Thanks to all for their comments. I like the international relations analogy. Perhaps it’s also a question of properly working out one’s theory *before* assessing the situation? I take the point about nihilism — anti-theory might be seen as a kind of anti-philosophy-in-general. What I was trying to get at was that Williams himself isn’t anti-philosophy, and so ends up appealing to theoretical philosophical principles on the same level as those he’s criticizing in contemporary ethical theory. That is to say, he does have an ethical theory, if not an especially well-worked-out one. I’m not sure what Keith means by the ‘external perspective’ of the theorist, but whatever it is it seems to me that Williams is taking it. He may not explicitly spell out the allegedly universal principles behind what he says, but it could be done quite easily. I also agree that studying metaethics, incommensurability, and so on are important in philosophical training. But in the end I would hope they might lead a student to form their own theoretical view on ethics. And of course I do hope that Fayyaz is right that ethical theory, and ethical theorizing, might have good consequences overall.
I am somewhat surprised that you are unsure what I mean by Williams’ criticism of the ‘external perspective’ and even more surprised you believe that ‘whatever it is Williams is taking it’! I could have given a brief outline of chapter 6, ‘Theory and Prejudice’, in ELP, where he discusses the ‘inside’ and ‘outside’ perspectives; how he believes that the whole idea of the possibility of an outside impartial point of view is mistaken because it leaves little or no room for the individuality of the agent; that it fails to capture the essence of dispositions and is irreconcilably divorced from the ‘inside’ point of view. ..and so on and so forth. But this is a post and, as with picture postcards, we can often say little more than a few words about where we are. Not sure where you are when you say, ‘[h]e may not explicitly spell out the allegedly universal principles behind what he saying, but it could be done quite easily’, but I am sure the view is fine.
Thx Keith. That is helpful, and of course you’re right that he isn’t taking an impartial line as in utilitarianism or Kant (on his construction of Kant). But he is on the face of it offering us ultimate reasons, and that is all that I was understanding by the idea of a theory.
I think Williams attempts to do too much at Ch. 6 of the ETL and is not specific enough in his other writings about his own “theorising”. (Nagel, I believe, deals with the issue with greater clarity.) He certainly was opposed to the notion that everything could be rationalised.

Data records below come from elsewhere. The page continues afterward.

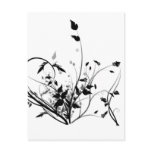 Black And White Flowers Postcard
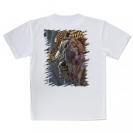 【Tシャツ】カサゴのハンドランディング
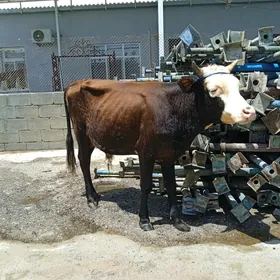 öküz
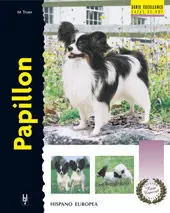 Papillon Excellence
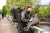 15.webp
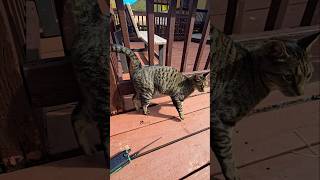 Innkeeper Duties Befriend local cats 🐈 colorado hospitality cat friends [upl. by Wheaton]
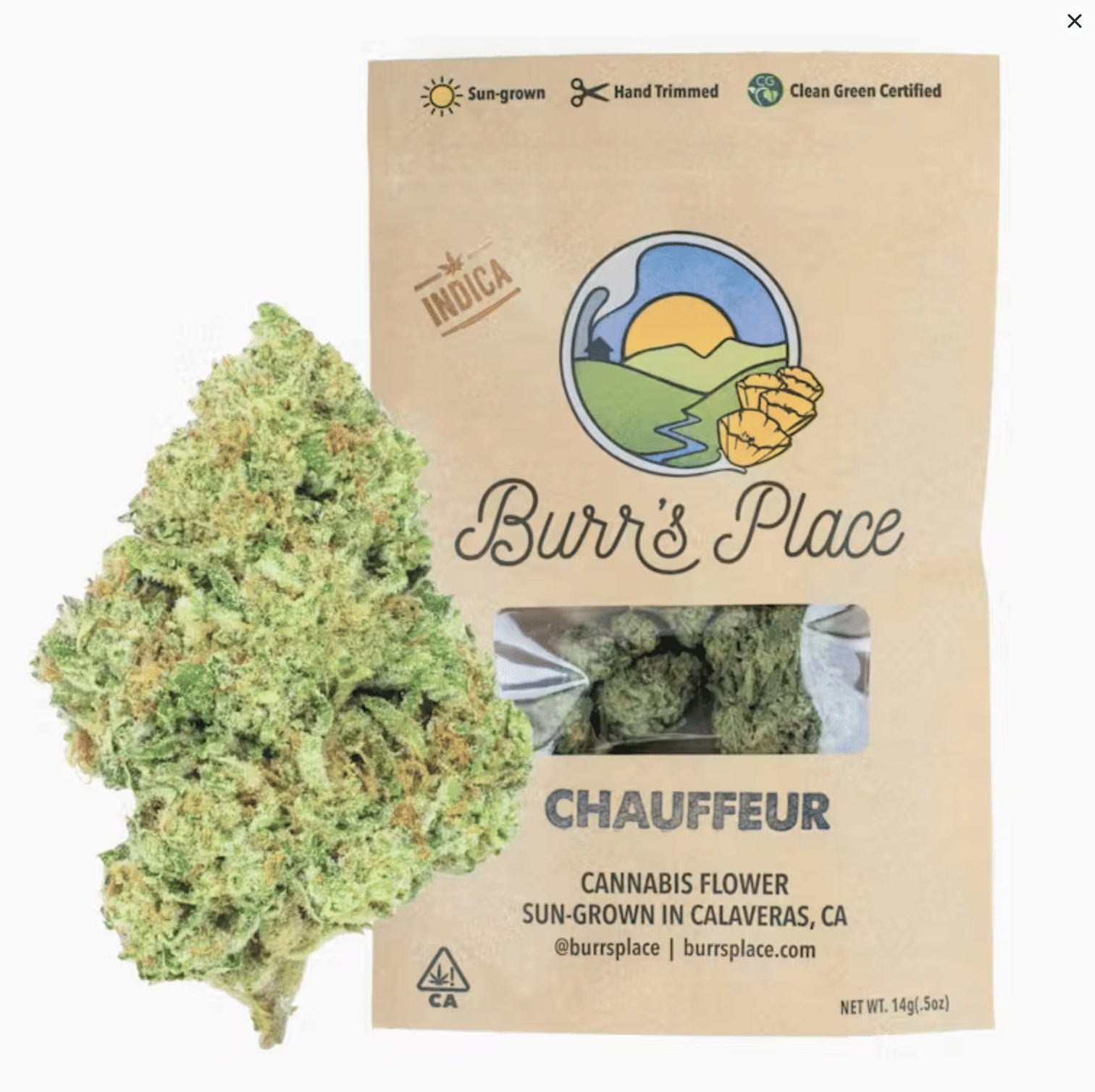 Burr's Place Organics: Chauffeur - Bigs - Bigs
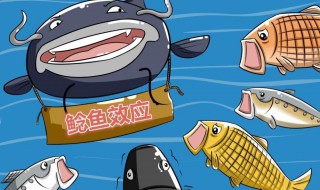 鲶鱼效应说明什么道理 鲶鱼效应介绍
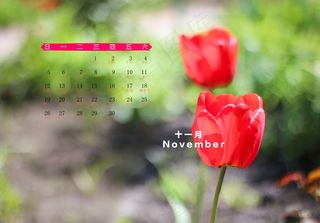 2017年十一月日历图片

As he say, ‘[o]nce we see that it is impossible to rationalize everything [in ethics], the project of rationalizing as much as possible need not be understood as doing the next best thing. We may conclude instead that we were looking in the wrong direction.’ (ELP. P.113) He believed that psychology and the history of ethical reflection do not give us ‘reason to believe that the theoretical reasonings of the cool hour can do without a sense of the moral shape of the world.’ (ELP. P.110) Of course, we can give ultimate reasons at a “higher” level (i.e. theory) why we cannot or should not give reasons at a “lower” level, but I am not sure Williams achieved this with great clarity. Having yet again used a postcard abbreviation, I think I should post it and go.
Thx Keith. That’s a revealing quotation from Williams. I think what lies behind it is perhaps his non-cognitivism. Compare Aristotle, who believes in seeking out practical truth, and says we should make things as clear as we can (EN IX.2). There is also that interesting passage in the Jim example where Williams speaks in favour of acting without reflecting.